As a follow-up to my review of iAnnotate, I did a quick exploration of drawing apps available for the iPad to understand the limitations of ink handling on the device. I tried five free annotation apps that were identified by the query “draw free for ipad.” These included Draw Free for iPad, PaperDesk LITE for iPad, Adobe Ideas 1.0 for iPad, Draw for iPad, and Doodle Buddy for iPad.
These apps were structured either around the canvas or the notepad metaphor, and supported a range of colors, inks, and effects. My only test was to select the thinnest ink the tool allowed, and to try to write a short phrase on each one. The test was purely visual, but then it’s the visual impact that I am interested in.
The results were unsurprising: none of the apps managed to capture the ink fast enough to capture even rather methodical cursive handwriting, suggesting that the limitation is in the speed of the CPU rather than in the cleverness of the programmers. In the case of the Adobe app, the cleverness of the programmers compensated a bit for the lack of CPU power: that app applies some sort of spline smoothing to each stroke to compensate for the sharp corners caused by the low sampling rate. This certainly made the ink look nicer, but actual stylus tracking was still problematic.
Here are the samples:
In each case, I picked the thinnest ink; thicker ink can be made to look smoother, but takes up more space on the screen, which is undesirable for annotating documents.
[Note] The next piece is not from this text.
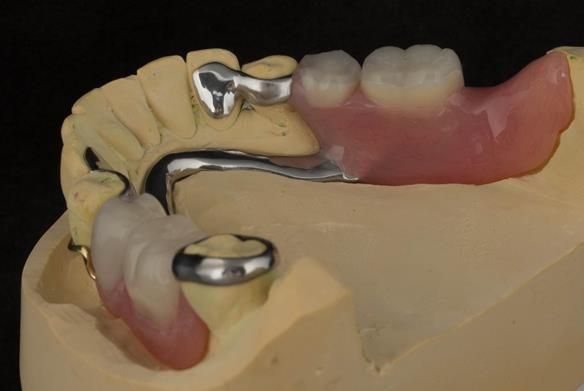 Figure 81 Finished definitive partial denture. Scandinavian design with sublingual bar - keeping the denture components 3mm away from the gingival margin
The smoothing in the Adobe Ideas example made the text look nicer, but also made the letters seem more angled, somehow.
In any case, while the ink samples of Drawing Buddy and PaperDesk LITE are at least somewhat legible, keep in mind that all samples shown represent about 45% of the total width of the tablet in portrait mode. This size is hardly useful for note taking, much less so for annotating documents in the margins.
For comparison, I pulled out my old Fujitsu Stylistic ST4110 slate (I’ve had it since late 2002), and did the same test on it, using the Windows Journal software, and XLibris in the notebook view. The tablet screen has the same number of pixels as the iPad (on a 10.4″ screen vs. 9.7″ for iPad), making the comparison plausible.
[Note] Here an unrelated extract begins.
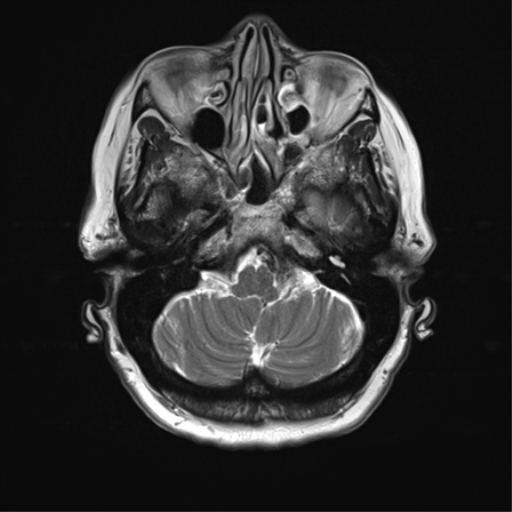 File:Anterior temporal pole cysts (Radiopaedia 46629-51102 C 8).png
Both of these are much better looking and easier to write (and thus smaller) due to a less slick surface. In fact, I had forgotten how it felt to write on the Tablet PC, and it was a pleasant shock at how good it felt compared to the iPad. And I could rest my hand on the screen without inducing epileptic fits in the inking code! The iPad of course is a smaller, lighter device with a battery lifespan that’s 2-3 times that of the tablet, so I am not suggesting that the older machine is inherently superior, but it does suggest that not all applications benefit from the tradeoffs made by the iPad engineers.
The upshot is that while coarse marking (such as circling or margin bars) are quite doable on the iPad, handwritten notes are not really possible given the current hardware. This limits active reading applications that may be built on this platform until system responsiveness improves. Even in that case, however, the lack of a good stylus and the inability to rest one’s palm on the screen while writing will hamper people’s ability to write on the iPad.